Bénabar en prison, c’est le gentil garçon qui vient chanter pour les “bad boys” (1). Dans le gymnase, fermé de lourdes portes, les décibels vont faire vibrer le grillage – et le quotidien des détenus.

Peu à peu, en petits groupes, ils arrivent et peuplent le terrain de sport. M., la cinquantaine, se réjouit d’avance « d’un moment de liberté ». Parce que dit-il, « ça explose les oreilles. La musique, ça vous évade. ». Il sait de quoi il parle, il a une longue peine devant lui.

Belle journée… pour pleurer

Auteur à textes, Bénabar commence sans fard avec « Belle journée ». Chanson faussement naïve : « Une belle journée… pour pleurer ». Il y a du gros son. Rapidement, le public y est. Bénabar raconte ses fables.

Cette maison de famille qu’on achète, et « on s’en met pour trente ans ». Il y a aussi « un sujet très douloureux pour nous les hommes, annonce-t-il.
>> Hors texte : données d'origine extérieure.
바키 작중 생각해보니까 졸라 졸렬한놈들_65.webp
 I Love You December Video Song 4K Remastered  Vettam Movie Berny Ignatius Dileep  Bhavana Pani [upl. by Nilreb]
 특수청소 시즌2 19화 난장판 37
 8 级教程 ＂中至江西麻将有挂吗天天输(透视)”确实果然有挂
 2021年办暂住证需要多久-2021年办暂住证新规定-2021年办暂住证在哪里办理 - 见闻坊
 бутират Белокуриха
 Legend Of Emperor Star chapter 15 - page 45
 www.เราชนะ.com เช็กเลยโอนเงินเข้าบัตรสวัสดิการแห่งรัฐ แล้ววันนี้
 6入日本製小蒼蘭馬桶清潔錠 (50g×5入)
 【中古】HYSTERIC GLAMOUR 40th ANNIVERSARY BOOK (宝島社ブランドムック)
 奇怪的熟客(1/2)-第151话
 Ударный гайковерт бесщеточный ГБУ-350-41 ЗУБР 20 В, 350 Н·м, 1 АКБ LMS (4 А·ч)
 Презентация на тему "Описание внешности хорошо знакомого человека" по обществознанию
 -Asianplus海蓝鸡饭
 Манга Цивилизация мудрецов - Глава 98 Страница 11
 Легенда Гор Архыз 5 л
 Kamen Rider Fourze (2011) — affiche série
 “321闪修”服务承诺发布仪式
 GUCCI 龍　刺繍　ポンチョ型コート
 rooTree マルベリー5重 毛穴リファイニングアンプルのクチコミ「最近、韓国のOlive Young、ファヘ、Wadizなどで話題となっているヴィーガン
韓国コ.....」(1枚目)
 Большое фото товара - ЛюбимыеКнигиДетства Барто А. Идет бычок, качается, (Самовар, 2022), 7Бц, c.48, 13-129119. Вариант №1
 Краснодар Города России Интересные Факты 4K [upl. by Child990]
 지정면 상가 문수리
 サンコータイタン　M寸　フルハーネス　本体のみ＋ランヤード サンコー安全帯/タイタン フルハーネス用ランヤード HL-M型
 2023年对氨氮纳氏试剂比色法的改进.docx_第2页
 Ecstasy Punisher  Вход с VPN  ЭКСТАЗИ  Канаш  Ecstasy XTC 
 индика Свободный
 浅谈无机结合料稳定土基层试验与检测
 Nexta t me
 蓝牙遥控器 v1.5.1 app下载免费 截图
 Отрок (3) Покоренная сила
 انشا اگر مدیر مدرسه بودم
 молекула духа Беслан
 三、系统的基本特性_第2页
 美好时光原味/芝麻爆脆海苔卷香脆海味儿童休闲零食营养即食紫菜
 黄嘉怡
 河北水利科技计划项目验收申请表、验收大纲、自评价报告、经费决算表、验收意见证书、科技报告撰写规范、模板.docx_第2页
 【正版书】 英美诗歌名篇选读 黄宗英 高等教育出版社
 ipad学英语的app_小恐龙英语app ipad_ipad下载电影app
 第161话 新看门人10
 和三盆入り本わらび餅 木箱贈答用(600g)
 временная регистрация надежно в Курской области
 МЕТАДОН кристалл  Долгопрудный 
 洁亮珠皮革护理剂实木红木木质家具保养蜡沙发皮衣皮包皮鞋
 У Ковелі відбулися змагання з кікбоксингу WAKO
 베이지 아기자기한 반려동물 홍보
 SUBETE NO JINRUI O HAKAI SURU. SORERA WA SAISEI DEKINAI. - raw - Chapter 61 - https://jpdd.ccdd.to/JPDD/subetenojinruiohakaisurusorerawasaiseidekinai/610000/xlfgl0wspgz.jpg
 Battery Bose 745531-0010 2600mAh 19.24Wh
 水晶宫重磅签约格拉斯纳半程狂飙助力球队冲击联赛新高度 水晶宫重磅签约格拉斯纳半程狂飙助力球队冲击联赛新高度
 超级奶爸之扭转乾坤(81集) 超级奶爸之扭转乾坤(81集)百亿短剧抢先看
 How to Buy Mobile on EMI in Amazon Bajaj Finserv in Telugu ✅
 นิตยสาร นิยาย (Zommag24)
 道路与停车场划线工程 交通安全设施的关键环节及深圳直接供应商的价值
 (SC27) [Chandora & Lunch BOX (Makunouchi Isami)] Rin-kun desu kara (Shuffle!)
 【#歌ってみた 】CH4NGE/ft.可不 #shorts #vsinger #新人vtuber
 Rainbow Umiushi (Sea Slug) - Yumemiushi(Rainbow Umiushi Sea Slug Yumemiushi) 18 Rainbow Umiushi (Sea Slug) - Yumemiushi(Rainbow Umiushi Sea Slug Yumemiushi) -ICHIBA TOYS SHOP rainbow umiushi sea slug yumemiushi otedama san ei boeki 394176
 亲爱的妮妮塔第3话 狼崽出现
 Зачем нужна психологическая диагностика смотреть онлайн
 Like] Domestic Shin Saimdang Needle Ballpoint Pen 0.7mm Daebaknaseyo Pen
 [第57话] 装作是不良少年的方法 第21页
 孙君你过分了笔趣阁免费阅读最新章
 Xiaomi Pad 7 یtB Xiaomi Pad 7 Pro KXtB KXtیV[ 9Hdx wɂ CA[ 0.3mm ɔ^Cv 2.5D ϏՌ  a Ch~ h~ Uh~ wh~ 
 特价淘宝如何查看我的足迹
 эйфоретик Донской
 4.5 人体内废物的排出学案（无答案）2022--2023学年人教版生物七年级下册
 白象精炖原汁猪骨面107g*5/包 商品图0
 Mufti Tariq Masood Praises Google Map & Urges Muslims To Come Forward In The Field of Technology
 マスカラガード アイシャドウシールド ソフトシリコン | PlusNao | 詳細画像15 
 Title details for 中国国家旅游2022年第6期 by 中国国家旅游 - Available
Ce sont les râteaux. J’en ai reçu beaucoup ».

Au piano et voix, moment émouvant et applaudi : « Faut dire qu’on est loin de l’homme idéal ». Ça résonne ? La fin du concert arrive avec « l’effet papillon. Petites choses, dégâts immenses ».

Dans le public, à côté d’une soixantaine de détenus (2), des personnels travaillant à la prison sont venus écouter. Les dames semblent sous le charme.

Bénabar lance : « On vous en remet une petite ? » La salle répond aussitôt. Pour le dernier service, ce sera rock, « Le dîner ».

« Il ne tiendrait pas deux jours ici ».

« À la base Bénabar, c’est pas ma came !, slame presque un détenu, en quittant la salle. Mais beaucoup ont été surpris par sa gentillesse ! » Un autre près de lui enchaîne : « Ici, il y a un public “pro rap”. Mais les gens ont aimé Bénabar. Il est humain ».

Un habitué des années de tôle répond en se marrant : « Il est gentil, il ne tiendrait pas deux jours ici ».

Après une séance de dédicaces, Bénabar passe justement devant eux. « Si je peux me permettre, Monsieur, vous nous faites penser à la musique de Renaud ». Le chanteur les rassure, « c’est un compliment, merci ».

28753633E., presque la trentaine, repart avec deux signatures de l’artiste, assez heureux. Elles sont « pour ma fille et ma femme ».

L’artiste se fait encore attraper au vol. Dans un bureau administratif, on voudrait bien lui faire couler le café. « On vous garde ! », s’amuse une femme, derrière la fenêtre à barreaux.

Bénabar s’avoue « impressionné, d’abord par le lieu. Quand on n’y est pas habitué… »Et surtout, il imagine « tous les destins, qu’on ne connaît pas ». Il a trouvé le public « attentif et bienveillant ». Et réciproquement.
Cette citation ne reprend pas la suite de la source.